------ Extracted data

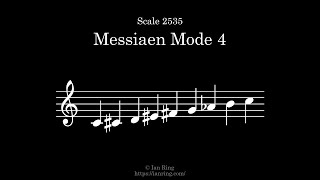 Scale 2535 Messiaen Mode 4 [upl. by Ahsienet]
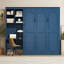 Lit escamotable avec bureau intégré et armoire de rangement à plusieurs niveaux, lit mural pliable, lit gain de place dissimulé pour appartement, bureau ou chambre d'amis-133671830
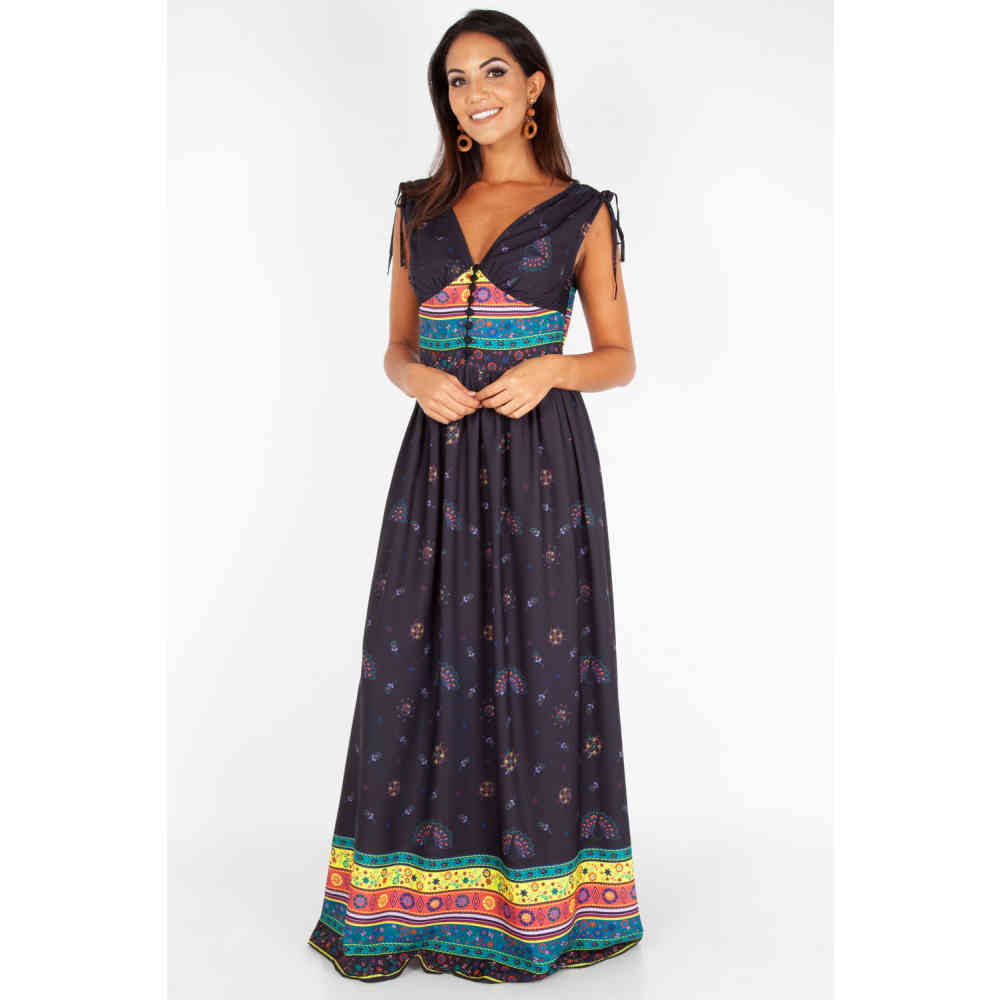 fiesta maxi dress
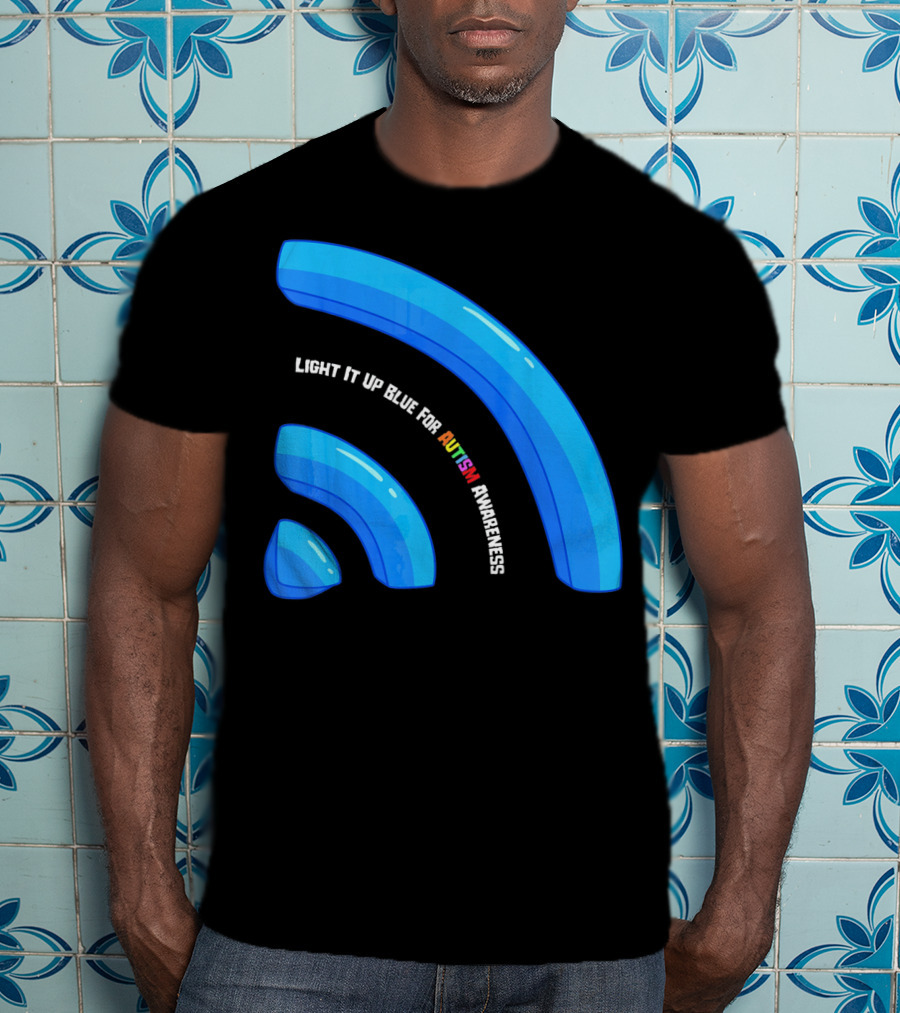 Light It Up Blue For Autism Awareness T-Shirt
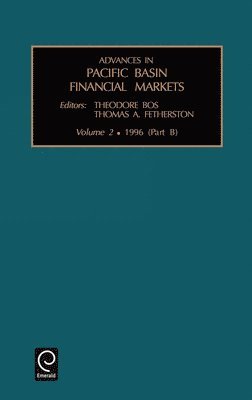 Advances in Pacific Basin Financial Markets 1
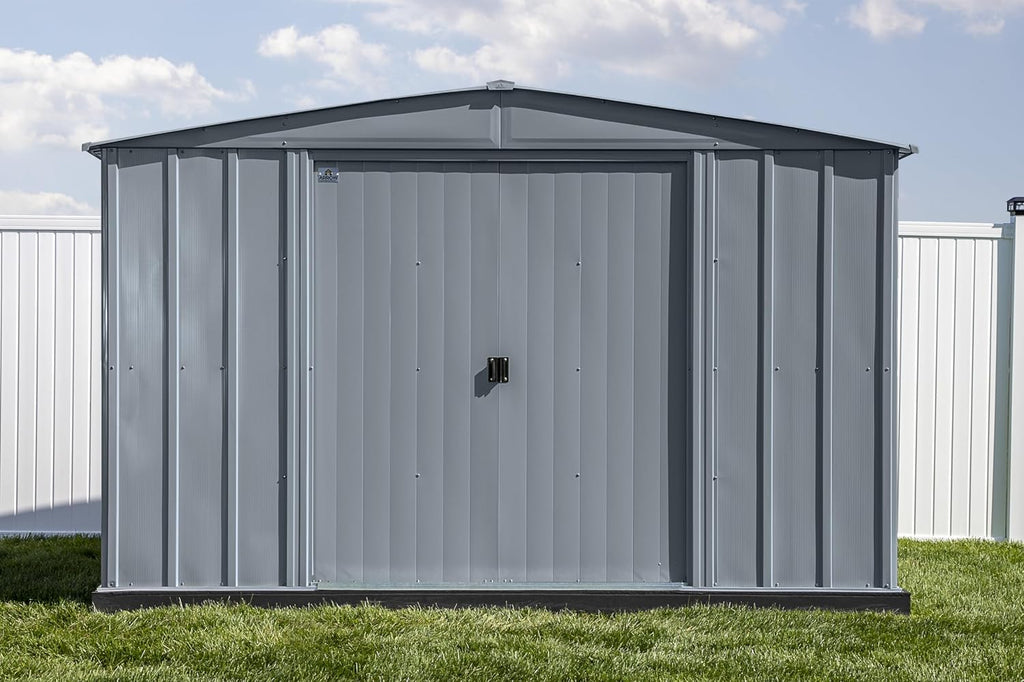 Arrow Sheds Amazon Exclusive Classic 10' x 8' Charcoal Steel Storage Shed with Included Floor Frame Kit
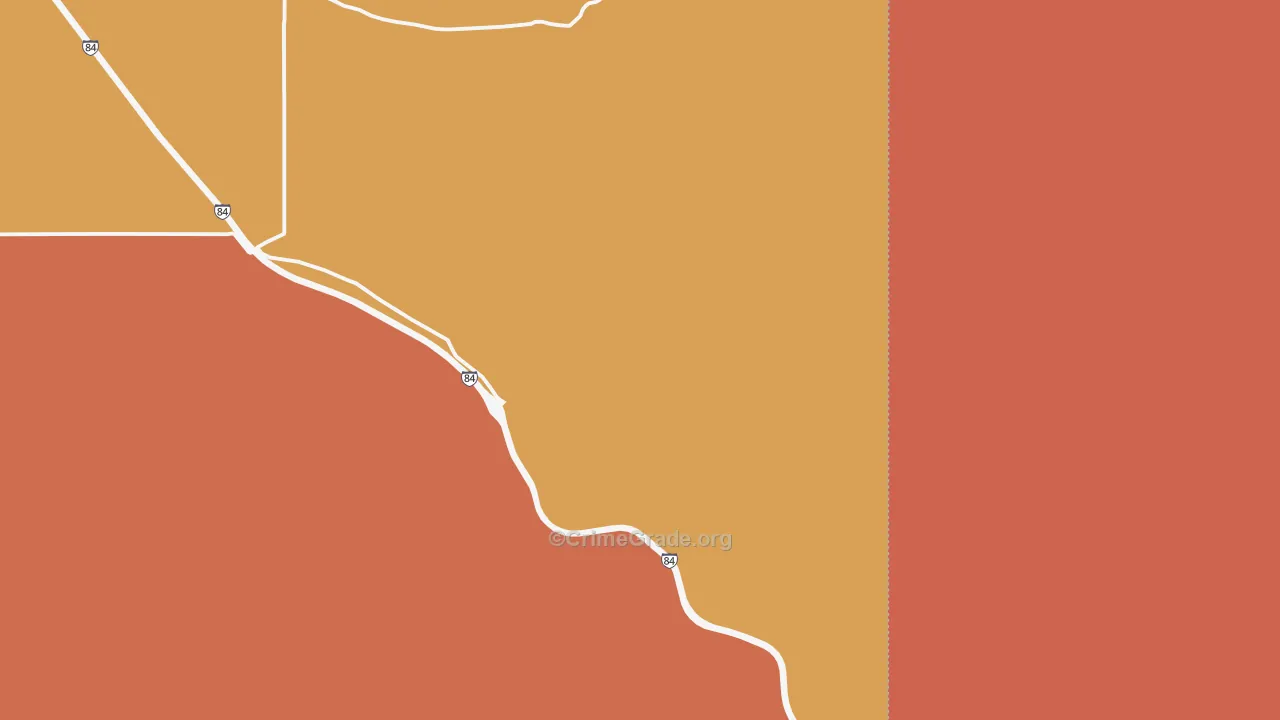 Sublett, ID Map of Burglary Rates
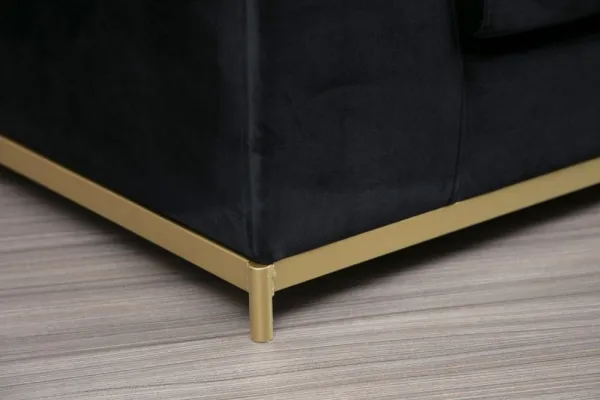 Štvormiestna pohovka Line With Side Table - Black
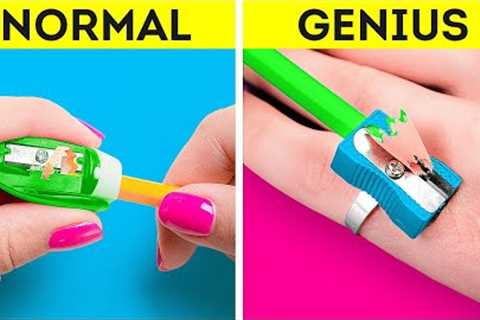 Genius SCHOOL HACKS to Make Your Life Easier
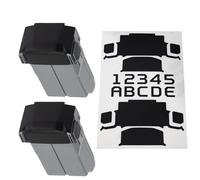 WRAPGRADE adesivi compatibili con le 2 batterie del DJI Mini 5 Pro (Stealth Black)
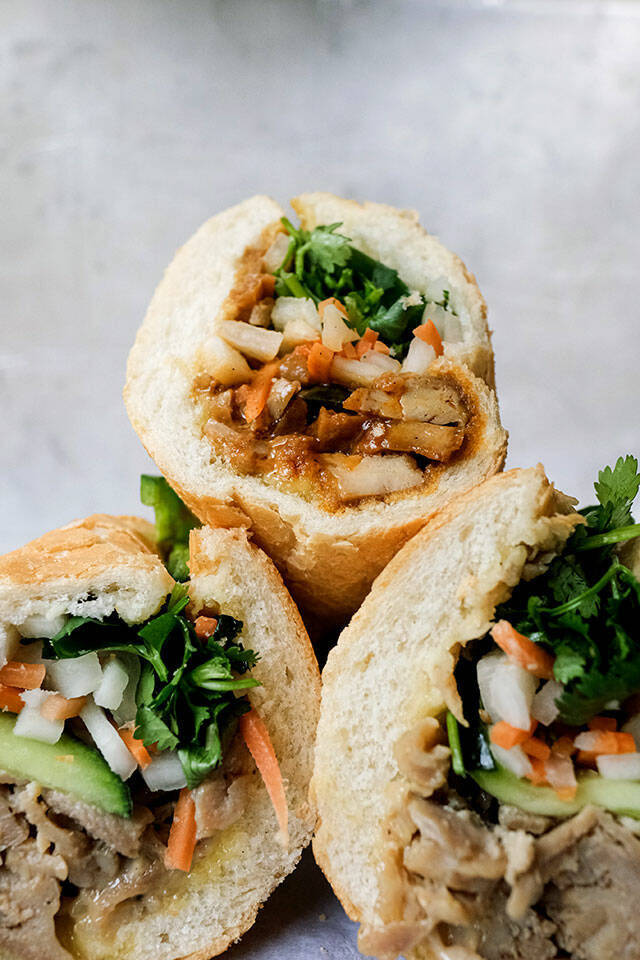 Bánh mì is a lunchtime favorite for food reporter Taylor Goebel. (Taylor Goebel / The Herald).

------------

» Aim of the exercise: Your answer must be the lines from the one containing "Štvormiestna pohovka Line" through the last line of the records, printed exactly with no pictures; please include both ends.

» Answer area:
 Štvormiestna pohovka Line With Side Table - Black
 Genius SCHOOL HACKS to Make Your Life Easier
 WRAPGRADE adesivi compatibili con le 2 batterie del DJI Mini 5 Pro (Stealth Black)
 Bánh mì is a lunchtime favorite for food reporter Taylor Goebel. (Taylor Goebel / The Herald).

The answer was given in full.